In a lengthy Facebook post on Wednesday, Smotrich clarified his remarks after it was brought to his attention that they had contributed to a protest by Israel’s air force reserve pilots.

“Some of the pilots took my statement as a call for the air force to ‘erase’ the village and its inhabitants from the air,” Smotrich wrote. “Such a delusional thought never crossed my mind, not even for a split second. It’s just not in my lexicon.”

In addition to his fiscal responsibilities as Finance Minister, Smotrich also has an official position in the Ministry of Defense, and is responsible for broad civil administrative powers over the West Bank, including settlement construction. He also told Israeli media that his comments were a “slip of the tongue in a storm of emotions” over the shootings.

Those clarifications followed an open letter on 3 March organized by the Israel Policy Forum, an NGO that promotes the two-state solution, calling for US Jewish groups to refrain from meeting with him.

“Smotrich has long expressed views that are abhorrent to the vast majority of American Jews, from anti-Arab racism, to virulent homophobia, to a full-throated embrace of Jewish supremacy,” the letter says. “We reject the notion that someone must be accorded respect simply by dint of serving in the Israeli government. His presence in the U.S. to address primarily Jewish audiences would be an affront to American Jewish values, and he should not be given a platform in our community, all the more so in light of his most recent comments about Huwara.”

Signatories to the letter include Abe Foxman, former national director of the Anti-Defamation League; Steve Grossman, former president of AIPAC; and former Ambassadors Martin Indyk and Daniel Kurtzer, who served under the Clinton and Bush administrations, respectively.

That call to avoid meeting with Smotrich has largely been heeded. Smotrich’s itinerary does not include any meetings with US government officials.

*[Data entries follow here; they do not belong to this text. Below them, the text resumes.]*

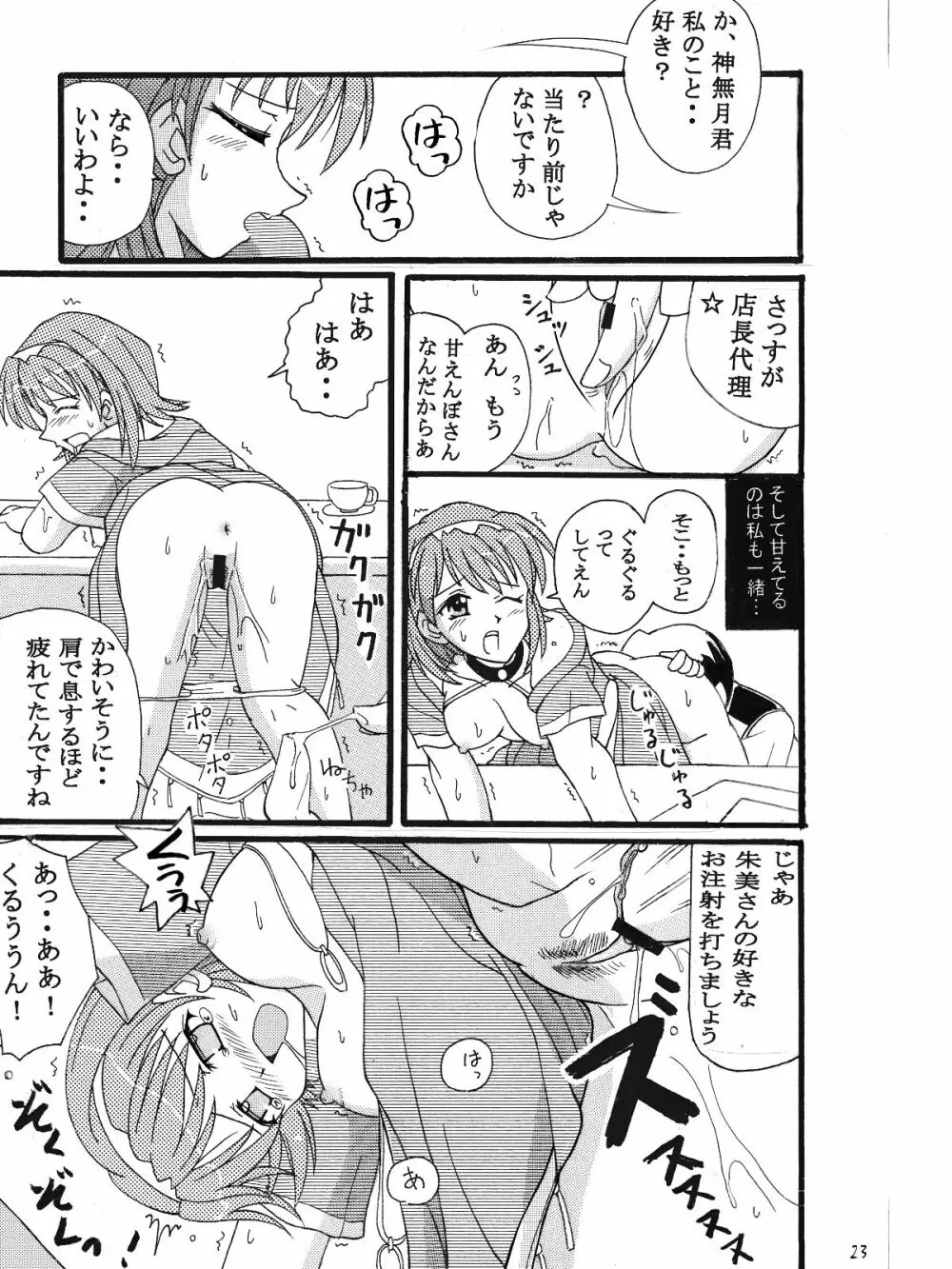 Piaキャロットへようこそ!!３蔵出し同人漫画 - page6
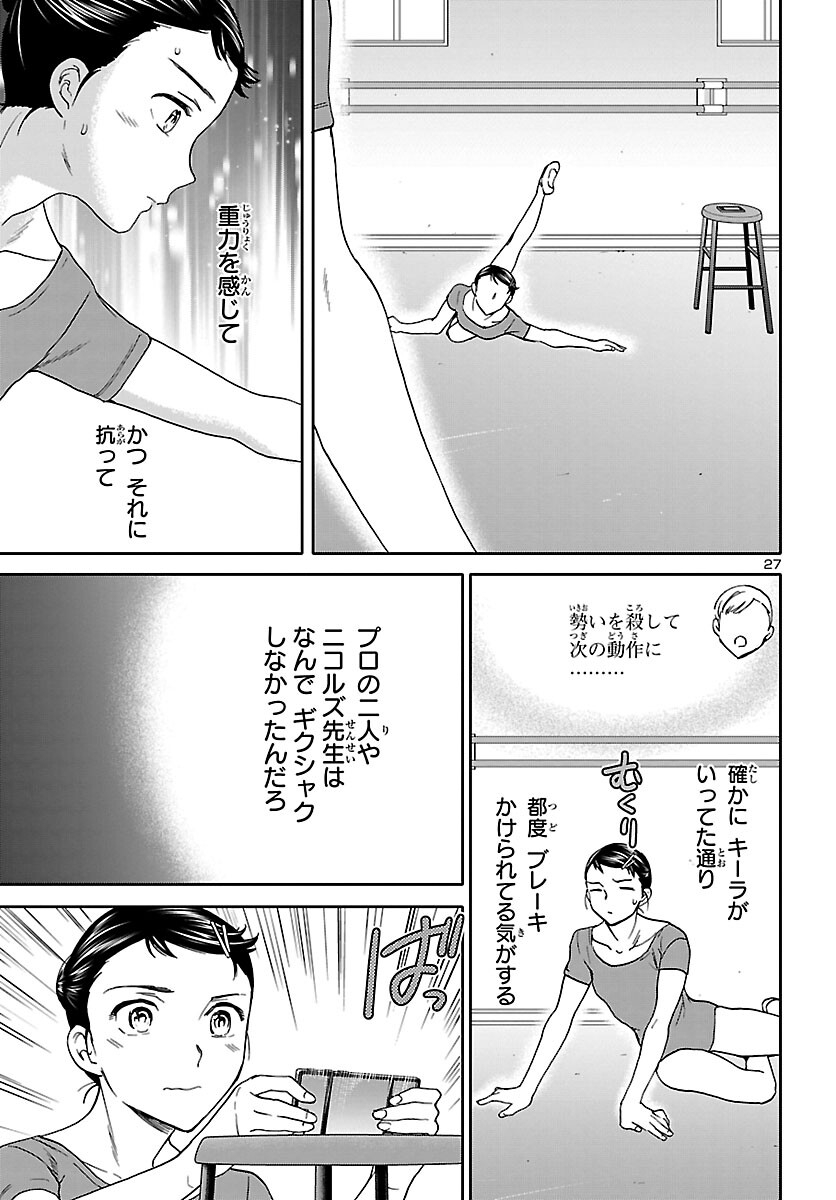 Page 27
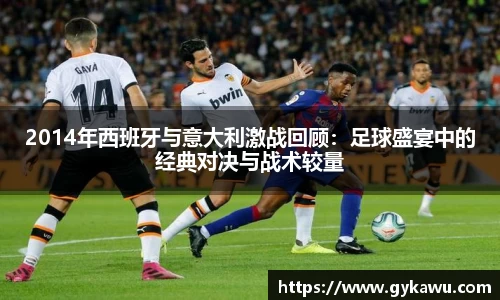 一竞技最新地址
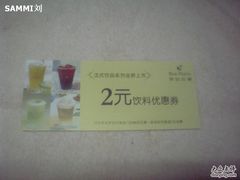 09-09-12_22-17-早安巴黎(四季坊店)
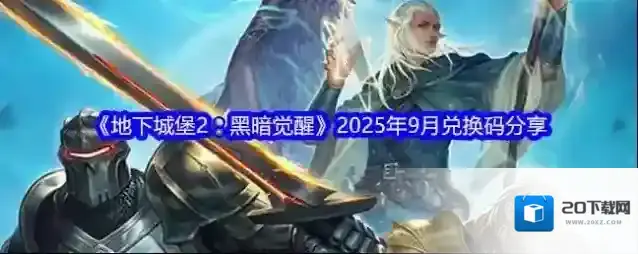 《地下城堡2：黑暗觉醒》2025年9月兑换码分享
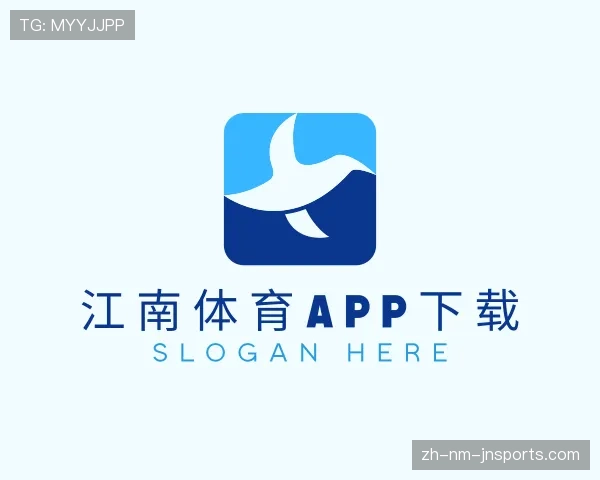 关于江南体育APP下载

Morton Klein, President of the Zionist Organization of America (ZOA), who is meeting with Smotrich later this week to discuss Iran, Palestinian terrorism, Israel’s judicial reform bills and other issues said that the criticism of those meeting with Smotrich gives ammunition to Israel’s critics.

“I find it appalling that not only do the major Jewish organizations refuse to meet with him after he has apologized, they’ll condemn me for meeting with him.” Klein told The Algemeiner.

Smotrich is also reportedly meeting with the Orthodox Union. The OU did not immediately respond to a request for comment from The Algemeiner.